Change the PFs to switchdev mode

echo switchdev > /sys/class/net/snic0l/compat/devlink/mode
echo switchdev > /sys/class/net/snic0r/compat/devlink/mode

Check that this created 16 representor devices

ip l | egrep -c "enp24s0f[01]_[0-7]"
16

Bind the VF kernel drivers again

dpdk-devbind -b mlx5_core 0000:18:00.2 0000:18:00.3 0000:18:00.4 0000:18:00.5 0000:18:00.6 0000:18:00.7 0000:18:01.0 0000:18:01.1
dpdk-devbind -b mlx5_core 0000:18:08.2 0000:18:08.3 0000:18:08.4 0000:18:08.5 0000:18:08.6 0000:18:08.7 0000:18:09.0 0000:18:09.1

Assign the representor MAC addresses to the VF MAC adresses

for i in `seq 0 7`; do mac=`ip l show smartvf0_$i | grep -o "link/ether [^ ]*" | cut -d' ' -f2`; echo "vf $i: $mac"; ip l set snic0l vf $i mac $mac; done
for i in `seq 0 7`; do j=$((i + 8)); mac=`ip l show smartvf0_$j | grep -o "link/ether [^ ]*" | cut -d' ' -f2`; echo "vf $i: $mac"; ip l set snic0r vf $i mac $mac; done

OVS bridge onfiguration

ovs-vsctl set Open_vSwitch . other_config:hw-offload=true
systemctl restart openvswitch
ovs-vsctl add-br br-snic0
ovs-vsctl add-port br-snic0 bond_snic0

For more information refer Mellanox doc

Device Plugin configuation

The device plugin would create the resouce pools based on the configurations given in the /etc/pcidp/config.json. This configuration file is in json format as shown below:

{
    "resourceList": [{
            "resourceName": "mellanox_snic0",
            "selectors": {
                "vendors": ["15b3"],
                "devices": ["1018"],
                "drivers": ["mlx5_core"],
                "pfNames": ["snic0l","snic0r"]
            }
        }
    ]
}

Deploy SR-IOV network device plugin as daemonset see device plugin

Network and POD configuation

After deploying multus, ovs-cni and network-resources-injector, Create a NetworkAttachementDefinition CRD object with the following config.

apiVersion: "k8s.cni.cncf.io/v1"
kind: NetworkAttachmentDefinition
metadata:
  name: ovs-trunk-net
  annotations:
    k8s.v1.cni.cncf.io/resourceName: intel.com/mellanox_snic0
spec:
  config: '{
      "cniVersion": "0.4.0",
      "type": "ovs",
      "bridge": "br-snic0",
      "trunk": [ {"minID": 1050, "maxID": 1059} ]
    }'

Note: it is possible to omit bridge argument.

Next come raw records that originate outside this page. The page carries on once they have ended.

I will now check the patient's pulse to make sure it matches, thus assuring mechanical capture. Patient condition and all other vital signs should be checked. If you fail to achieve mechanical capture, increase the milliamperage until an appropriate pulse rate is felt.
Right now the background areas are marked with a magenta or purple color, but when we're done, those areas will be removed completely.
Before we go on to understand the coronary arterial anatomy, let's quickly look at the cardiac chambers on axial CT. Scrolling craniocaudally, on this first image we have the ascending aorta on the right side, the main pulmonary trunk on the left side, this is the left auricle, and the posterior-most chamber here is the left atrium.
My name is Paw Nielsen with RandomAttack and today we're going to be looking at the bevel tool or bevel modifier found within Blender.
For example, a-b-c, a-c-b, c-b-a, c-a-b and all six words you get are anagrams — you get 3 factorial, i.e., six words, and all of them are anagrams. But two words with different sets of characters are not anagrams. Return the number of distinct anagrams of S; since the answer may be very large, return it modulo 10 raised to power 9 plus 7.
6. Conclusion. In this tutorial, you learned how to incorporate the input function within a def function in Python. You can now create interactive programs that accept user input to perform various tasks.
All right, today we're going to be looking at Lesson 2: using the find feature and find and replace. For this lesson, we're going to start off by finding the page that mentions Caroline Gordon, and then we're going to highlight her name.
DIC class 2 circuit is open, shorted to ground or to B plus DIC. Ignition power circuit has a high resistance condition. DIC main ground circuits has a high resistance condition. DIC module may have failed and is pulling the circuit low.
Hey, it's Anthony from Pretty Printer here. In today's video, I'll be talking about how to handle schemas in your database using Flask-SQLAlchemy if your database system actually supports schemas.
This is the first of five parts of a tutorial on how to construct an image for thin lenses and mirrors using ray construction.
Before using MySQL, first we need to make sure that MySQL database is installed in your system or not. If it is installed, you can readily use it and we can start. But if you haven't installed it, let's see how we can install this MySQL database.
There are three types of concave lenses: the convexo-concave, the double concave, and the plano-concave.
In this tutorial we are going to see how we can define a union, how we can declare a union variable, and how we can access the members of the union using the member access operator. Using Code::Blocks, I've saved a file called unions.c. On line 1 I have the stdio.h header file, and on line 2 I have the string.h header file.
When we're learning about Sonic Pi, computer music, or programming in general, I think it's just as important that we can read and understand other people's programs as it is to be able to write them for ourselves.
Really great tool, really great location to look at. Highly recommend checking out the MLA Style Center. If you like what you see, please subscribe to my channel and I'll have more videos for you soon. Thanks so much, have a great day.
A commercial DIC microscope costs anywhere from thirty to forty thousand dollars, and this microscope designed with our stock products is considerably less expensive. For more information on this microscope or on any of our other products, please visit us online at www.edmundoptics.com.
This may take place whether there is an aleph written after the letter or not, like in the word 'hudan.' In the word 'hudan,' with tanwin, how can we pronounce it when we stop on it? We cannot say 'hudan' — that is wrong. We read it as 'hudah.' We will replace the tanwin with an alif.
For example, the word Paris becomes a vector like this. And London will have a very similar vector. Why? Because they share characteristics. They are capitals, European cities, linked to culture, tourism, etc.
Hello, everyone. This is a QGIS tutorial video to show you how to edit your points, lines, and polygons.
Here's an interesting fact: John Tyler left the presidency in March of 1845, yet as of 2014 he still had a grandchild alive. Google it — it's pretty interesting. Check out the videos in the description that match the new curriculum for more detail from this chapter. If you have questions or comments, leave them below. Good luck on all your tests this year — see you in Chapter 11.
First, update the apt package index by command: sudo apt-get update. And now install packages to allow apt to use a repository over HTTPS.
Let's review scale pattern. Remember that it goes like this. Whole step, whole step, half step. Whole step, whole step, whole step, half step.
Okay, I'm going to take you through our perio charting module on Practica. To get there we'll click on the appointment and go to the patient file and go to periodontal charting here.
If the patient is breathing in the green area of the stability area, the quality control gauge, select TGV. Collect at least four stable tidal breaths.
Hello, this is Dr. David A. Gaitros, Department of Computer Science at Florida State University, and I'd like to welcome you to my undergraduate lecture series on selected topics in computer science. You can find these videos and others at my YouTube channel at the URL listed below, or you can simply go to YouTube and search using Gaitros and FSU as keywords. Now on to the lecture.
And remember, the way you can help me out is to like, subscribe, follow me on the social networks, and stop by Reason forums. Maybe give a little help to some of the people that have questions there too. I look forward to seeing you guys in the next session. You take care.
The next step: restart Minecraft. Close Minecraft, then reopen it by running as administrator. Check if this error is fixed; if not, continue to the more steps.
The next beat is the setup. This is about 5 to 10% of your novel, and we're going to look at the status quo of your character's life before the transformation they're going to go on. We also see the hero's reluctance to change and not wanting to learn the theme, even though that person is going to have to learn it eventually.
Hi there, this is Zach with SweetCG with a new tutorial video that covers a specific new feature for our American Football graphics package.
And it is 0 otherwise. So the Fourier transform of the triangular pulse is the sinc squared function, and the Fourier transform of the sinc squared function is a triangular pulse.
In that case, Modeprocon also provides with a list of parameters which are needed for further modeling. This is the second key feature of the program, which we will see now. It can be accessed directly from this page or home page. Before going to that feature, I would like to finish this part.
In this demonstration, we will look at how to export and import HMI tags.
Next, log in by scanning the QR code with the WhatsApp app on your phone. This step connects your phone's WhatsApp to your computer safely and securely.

Bridge will be automatically selected by the CNI plugin by following the chain: Virtual Function PCI address (injected by Multus to deviceID parameter) > Physical Function > Bond interface (optional, if Physical Function is part of a bond interface) > ovs bridge

Now deploy a pod with the following config to attach VF into container and its representor net device attached with ovs bridge br-snic0.

apiVersion: v1
kind: Pod
metadata:
  name: ovs-offload-pod
  annotations:
    k8s.v1.cni.cncf.io/networks: ovs-trunk-net
spec:
  containers:
  - name: ovs-offload-container
    command: ["/bin/bash", "-c"]
    args:
    - |
      while true; do sleep 1000; done
    image: registry.suse.com/suse/sle15:15.1

The network-resources-injector webhook parses k8s.v1.cni.cncf.io/networks annotation to retrieve appropriate resource name from its NetworkAttachementDefinition CRD object and then included in requests/limits of pod specification.

The device plugin allocates the requested device into pod container and multus cni plugin forwards the device's pci address into ovs-cni through deviceID parameter.